══ Working data

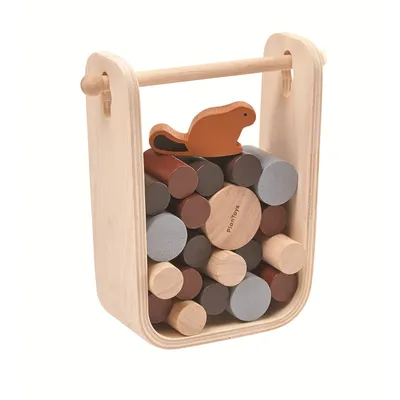 Obrázek produktu pro PlanToys Dřevěná hračka Timber Tumble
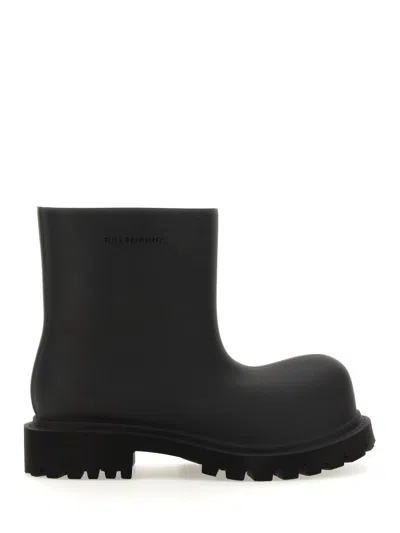Balenciaga 55mm Steroid Rubber Boots In Black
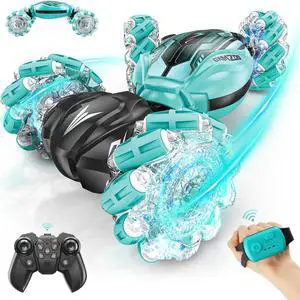 Gesture Sensing Stunt RC Car - Remote Control Gesture Sensor Toy Cars for 7 8 9 10 11 12 Year Boys 2.4GHz 4WD - Double Sided Rotating Off Road Vehicle Kids Birthday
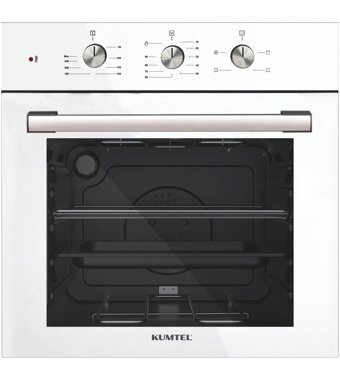 Kumtel B66-SF2 (MT) 56 Lt A+ Enerji Sınıfı Analog Retro Tam Boy Ankastre Fırın Beyaz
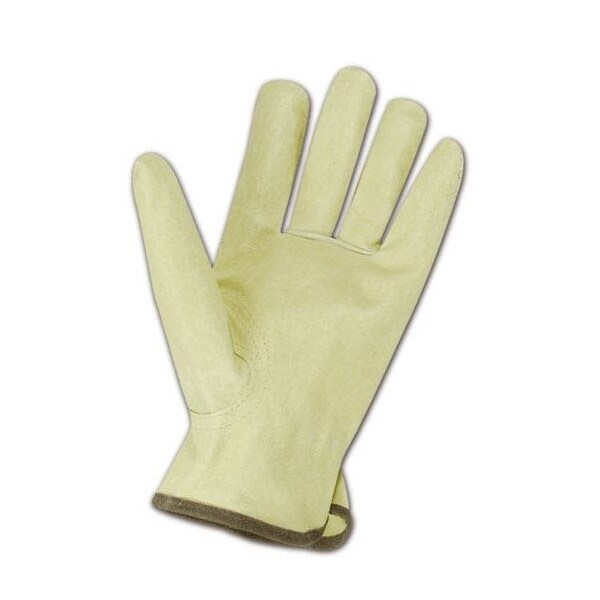 Magid Leather Drivers Gloves, Slip On Cuff, Keystone Thumb Thumb, Tan, 2XL 12 PK - B741EXXL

════

● **Task directions**
Leave out the pictures and return every record word for word.

● **Written solution**
 Obrázek produktu pro PlanToys Dřevěná hračka Timber Tumble
Balenciaga 55mm Steroid Rubber Boots In Black
 Gesture Sensing Stunt RC Car - Remote Control Gesture Sensor Toy Cars for 7 8 9 10 11 12 Year Boys 2.4GHz 4WD - Double Sided Rotating Off Road Vehicle Kids Birthday
 Kumtel B66-SF2 (MT) 56 Lt A+ Enerji Sınıfı Analog Retro Tam Boy Ankastre Fırın Beyaz
 Magid Leather Drivers Gloves, Slip On Cuff, Keystone Thumb Thumb, Tan, 2XL 12 PK - B741EXXL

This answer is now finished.